Bilindiği gibi MÖ 6. yüzyılın ilk yarısında o zamanki antik dünyanın kültür merkezi Batı Anadolu idi. Özellikle Milet'te tarihte ilk defa batıl inançlardan ve her çeşit din etkisinden kurtulmuş, özgür düşünceye dayalı bilimsel araştırmalar başlamıştı. Doğu dünyasının zengin bilgi ve deneyim hazinelerinden yararlanarak ve özellikle özgür düşünce yöntemiyle Thales, Anaksimenes ve Anaksimandros gibi doğa filozofları bugünkü Batı uygarlığının temellerini atmışlardı. Thales dünyada ilk defa bir doğa olayını, MÖ 28 Mayıs 585 tarihinde olagelen güneş tutulmasını oluşundan önce hesaplamıştır. Böylece kültür ve bilim alanında tarihin başlangıcından beri 2500 yıl boyunca Mezopotamya ve Mısır'ın elinde olan önderlik, Batı Anadolu'ya geçmiştir. Batı Anadolu bu önderliğini İranlıların Anadolu'yu işgal ettikleri 545 yılına değin korumuştur. Ancak İran işgali ile filozoflar, bilim adamları ve sanatçılar Atina'ya göç edince kültür ve ilim alanındaki önderlik Atina'ya geçmiştir.
Milet, Efes, Samos gibi İzmir de 6. yüzyılın başlarında büyük olasılıkla düşünce ve bilim alanında önde gelen kentlerden biriydi. Ancak Eski İzmir MÖ 640-545 tarihlerinde döneminin en ileri kültür merkezlerinden biri olduğu hâlde, daha sonraları önemini yitirdiği için, çalışmalarda eskisi hızını kaybetmişti. Eski İzmir'in edebiyat, şiir, tarih, felsefe ve bilim konularında ne düzeyde olduğu hakkında yeterli bilgi mevcut değildir. Mimarlık konusunda ise önemli bir merkezdi.
Herodot, Eski İzmir'i Lidya kralı Alyattes'in aldığından bahseder. Kazılarda da bu olay MÖ 500 sıralarına tarihlenir. Kent ve Athena tapınağı tahrip olsa da İzmirliler MÖ 590 yıllarında tapınağı tekrar inşa ederler.
Daha sonra Persler tarafından 6. yüzyılın ortalarında ele geçirilen kent, bu olayla birlikte parlak devrini tamamlamıştır. Bu tarihten sonra Athena tapınağına hediye edilmiş hiçbir armağan bulunamaması da bu tahribatın önemli göstergelerinden birisidir.
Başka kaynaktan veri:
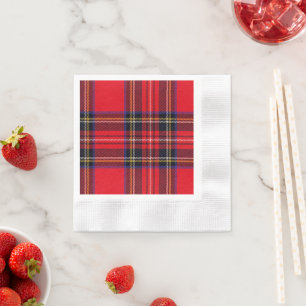 Royal Stewart tartan Red kariert Serviette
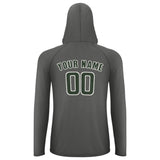 Custom Dark Grey Dark Green UV-Hoodie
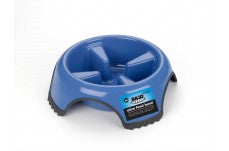 JW Pet Skid Stop Slow Feed Dog Bowl Assorted Medium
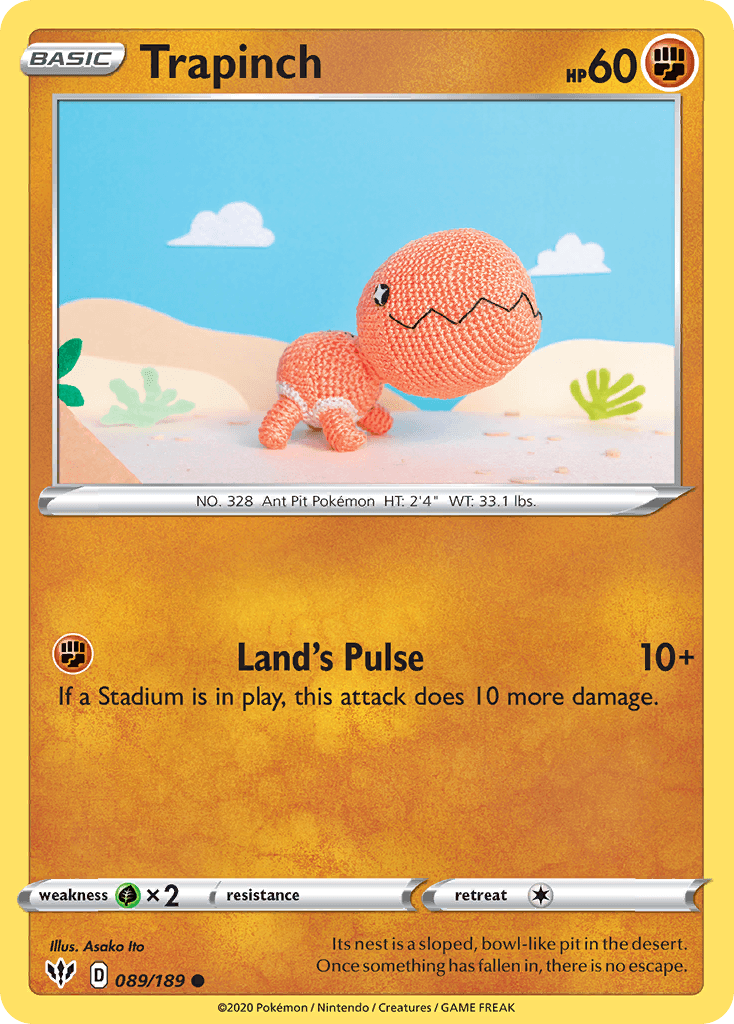 Trapinch Pokémon card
Gerileme Dönemi (MÖ 500-300)


Athena Tapınağı MÖ 545 tarihlerinde terk edilmişse de yerleşim sürmüş, ancak bundan sonra 200 yıl kadar bir süre eski İzmir önemini ve işlevini yitirmiştir.
MÖ 5. yüzyıl boyunca küçük ancak zengin bir yerleşmenin yer aldığı Bayraklı Höyüğü MÖ 5. yüzyılın sonunda ve özellikle 4. yüzyıl süresince yoğun bir iskâna sahne olmuştur. Bu dönemde, ortalarında büyük avlular olan biri 5, biri 8 ve diğeri 15 odalı olmak üzere üç ev gün ışığına çıkarılmıştır. Bunların, kenti idare eden ve muhtemelen dönemlerindeki Pers etkisine uyarak yakın civardaki Larissa'da olduğu gibi, birer tiran olan beylere ait olmaları akla yakın gelmektedir. Nitekim Yamanlar Dağı'nda hala kısmen korunmuş olan ve önemli kişilerin mezarları olması gereken düzgün krepisli birkaç 4. yüzyıl tümülüsü bu düşünceyi desteklemektedir.
Söz konusu merkezi avlulu büyük üç evden başka birçoğu megarondan bozma dörtgen planlı küçük evler bulunmuştur. Bayraklı höyüğünün bütün üst düzeyinin 4. yüzyıl boyunca evlerle kaplı olduğu söylenebilir. Öyle anlaşılıyor ki Anadolu'daki Pers işgali 4. yüzyılda gücünü yitirmiş ve İyon kentlerinin büyümesine neden olmuştur. Meydana gelen nüfus patlaması ile yüz dönümlük Bayraklı Höyüğü, İzmirlilere küçük gelmeye başladığından, MÖ 300 tarihlerinde Kadifekale (Pagos) eteklerinde yeni İzmir kenti kurulmuştur.
Roma İmparatorluğu Dönemi (MÖ 133-MS 395)

250px Bergama Harabeleri
Bergama harabeleri


250px Izmir Agora
İzmir Agora’sı


Büyük İskender'in İssos'ta (İskenderun) Pers Kralı Darius'u yenmesinden (MÖ 333) ve arkasından bütün doğuyu ele geçirmesinden sonra Helen dünyası büyük bir refah çağına erişti. Kentler nüfus patlamalarına sahne oldu. Helenistik Dönem'de İskenderiye, Rodos, Bergama ve Efes kentlerinden her biri 100 binin üstündeki bir nüfusa eriştiler. Küçük bir tepeciğin üzerinde kurulmuş olan eski İzmir kentinin duvarlarının içinde yalnız birkaç bin kişi yaşayabiliyordu. Bu nedenle en geç MÖ 300 sıralarında Kadifekale'nin eteklerinde, yeni ve büyük bir kent kuruldu.
MÖ 323 yılında Büyük İskender'in ölümü üzerine çıkan iç savaşta İzmir (zamanın ismiyle Smyrna), önce Lysimakhos'un, sonra Lysimakhos'u MÖ 281 yılında yapılan Corupedion Savaşı'nda yenen Selevkosların kralı 1. Selevkos'un eline geçti. Selevkos egemenliği MÖ 190 yılında yapılan Magnesia (bugün Manisa) Savaşı'na kadar sürdü. Selevkoslar, Romalılara karşı kaybettiği bu savaştan 2 yıl sonra yapılan Apameia (bugün Dinar) savaşıyla Bergama Krallığı'na verildi. Bergama'nın egemenliği, Kral 3. Attalos'un ölümüne dek sürdü ve bu tarihte Romalıların eline geçti ve Asya Eyaleti'ne bağlandı.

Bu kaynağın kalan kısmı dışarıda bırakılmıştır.